Select all lines in the records that include "with".

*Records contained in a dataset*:
----
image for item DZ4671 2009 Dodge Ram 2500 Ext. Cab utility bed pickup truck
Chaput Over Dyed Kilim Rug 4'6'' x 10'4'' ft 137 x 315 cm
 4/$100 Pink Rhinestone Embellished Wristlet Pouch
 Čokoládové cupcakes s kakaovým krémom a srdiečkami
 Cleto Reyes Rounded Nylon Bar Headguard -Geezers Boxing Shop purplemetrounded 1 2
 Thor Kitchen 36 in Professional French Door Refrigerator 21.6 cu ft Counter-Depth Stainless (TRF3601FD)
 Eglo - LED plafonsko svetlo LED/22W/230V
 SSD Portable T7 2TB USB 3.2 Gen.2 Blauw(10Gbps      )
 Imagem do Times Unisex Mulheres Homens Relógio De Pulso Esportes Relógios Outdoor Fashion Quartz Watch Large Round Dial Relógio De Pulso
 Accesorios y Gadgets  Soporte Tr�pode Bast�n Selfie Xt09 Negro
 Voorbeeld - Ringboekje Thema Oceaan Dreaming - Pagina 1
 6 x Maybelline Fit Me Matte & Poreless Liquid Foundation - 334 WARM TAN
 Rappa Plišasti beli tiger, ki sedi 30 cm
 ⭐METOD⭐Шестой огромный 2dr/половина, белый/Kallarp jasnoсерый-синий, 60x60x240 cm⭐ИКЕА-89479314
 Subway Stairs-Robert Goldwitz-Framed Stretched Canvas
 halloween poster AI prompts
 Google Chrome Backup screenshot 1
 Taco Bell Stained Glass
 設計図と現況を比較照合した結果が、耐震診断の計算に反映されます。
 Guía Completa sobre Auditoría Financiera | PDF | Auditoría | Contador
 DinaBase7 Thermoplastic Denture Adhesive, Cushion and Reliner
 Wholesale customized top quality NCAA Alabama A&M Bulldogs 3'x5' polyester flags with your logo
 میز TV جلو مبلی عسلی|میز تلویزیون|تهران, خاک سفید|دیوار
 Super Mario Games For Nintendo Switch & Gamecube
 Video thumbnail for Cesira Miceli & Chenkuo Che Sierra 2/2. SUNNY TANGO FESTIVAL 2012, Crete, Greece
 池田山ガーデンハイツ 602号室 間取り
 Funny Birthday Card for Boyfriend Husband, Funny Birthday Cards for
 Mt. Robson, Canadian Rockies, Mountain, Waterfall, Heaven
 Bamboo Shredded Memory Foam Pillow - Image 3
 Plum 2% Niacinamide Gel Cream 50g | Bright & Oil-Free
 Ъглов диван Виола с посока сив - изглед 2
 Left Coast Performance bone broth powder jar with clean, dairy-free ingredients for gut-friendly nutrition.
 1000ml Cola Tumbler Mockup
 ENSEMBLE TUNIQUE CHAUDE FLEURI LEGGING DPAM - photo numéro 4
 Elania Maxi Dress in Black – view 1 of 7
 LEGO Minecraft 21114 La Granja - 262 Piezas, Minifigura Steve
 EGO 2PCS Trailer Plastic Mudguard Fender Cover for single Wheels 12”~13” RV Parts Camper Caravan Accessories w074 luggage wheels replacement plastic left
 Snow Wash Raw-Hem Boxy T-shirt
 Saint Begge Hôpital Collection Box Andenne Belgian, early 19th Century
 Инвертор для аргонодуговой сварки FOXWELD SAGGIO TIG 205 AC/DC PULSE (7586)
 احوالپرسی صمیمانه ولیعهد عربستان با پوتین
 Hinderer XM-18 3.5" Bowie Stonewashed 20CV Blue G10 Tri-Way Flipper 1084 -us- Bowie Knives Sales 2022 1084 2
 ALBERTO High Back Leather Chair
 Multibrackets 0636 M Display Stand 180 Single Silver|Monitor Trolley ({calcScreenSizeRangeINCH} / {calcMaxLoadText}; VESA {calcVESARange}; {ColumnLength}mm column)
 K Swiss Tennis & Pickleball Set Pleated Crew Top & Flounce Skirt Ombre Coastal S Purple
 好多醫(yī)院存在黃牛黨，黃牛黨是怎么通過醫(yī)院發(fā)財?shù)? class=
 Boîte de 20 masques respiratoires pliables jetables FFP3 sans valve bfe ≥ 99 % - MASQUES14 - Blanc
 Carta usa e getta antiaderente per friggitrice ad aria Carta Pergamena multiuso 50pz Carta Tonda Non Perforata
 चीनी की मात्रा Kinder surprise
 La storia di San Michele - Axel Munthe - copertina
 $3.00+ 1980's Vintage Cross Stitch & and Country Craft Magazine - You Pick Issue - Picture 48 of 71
----
*Response to this exercise*:
 Wholesale customized top quality NCAA Alabama A&M Bulldogs 3'x5' polyester flags with your logo
 Left Coast Performance bone broth powder jar with clean, dairy-free ingredients for gut-friendly nutrition.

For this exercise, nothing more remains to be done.